-- Work order --
Your response should consist of the entire listing, transcribed exactly, with every image left out.

-- Given material --
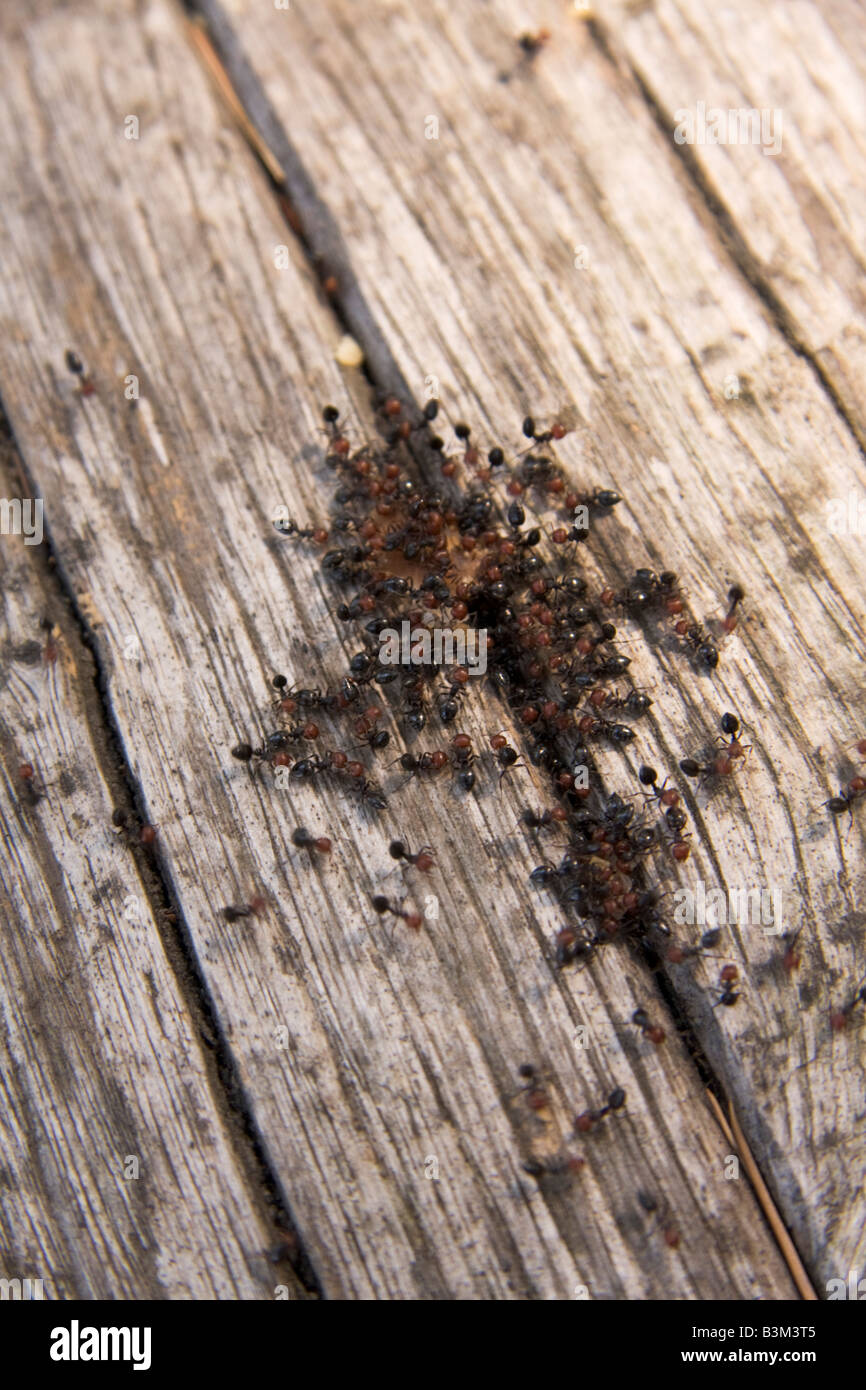 group of red head ant out from a crak in the wood tremiti island Italy Stock Photo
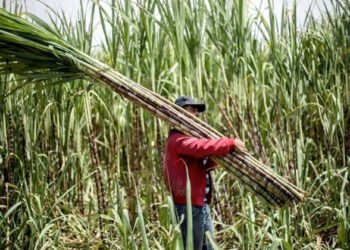 نصائح لمزارعى قصب السكر يجب مراعاتها خلال شهر ابريل لزيادة الإنتاج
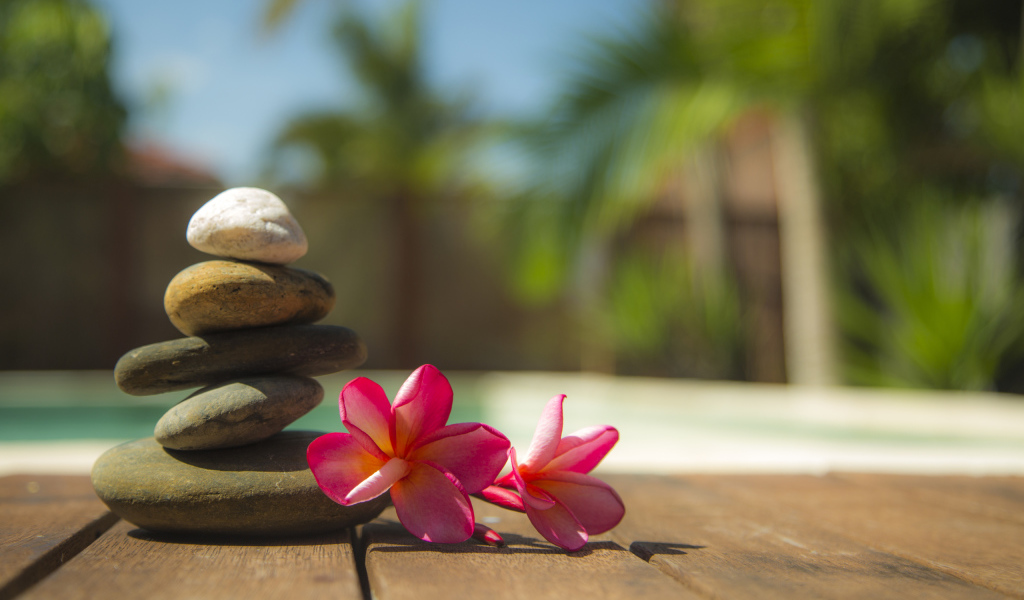 Два розовых цветка плюмерии с камнями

-- Task answer --
 group of red head ant out from a crak in the wood tremiti island Italy Stock Photo
 نصائح لمزارعى قصب السكر يجب مراعاتها خلال شهر ابريل لزيادة الإنتاج
 Два розовых цветка плюмерии с камнями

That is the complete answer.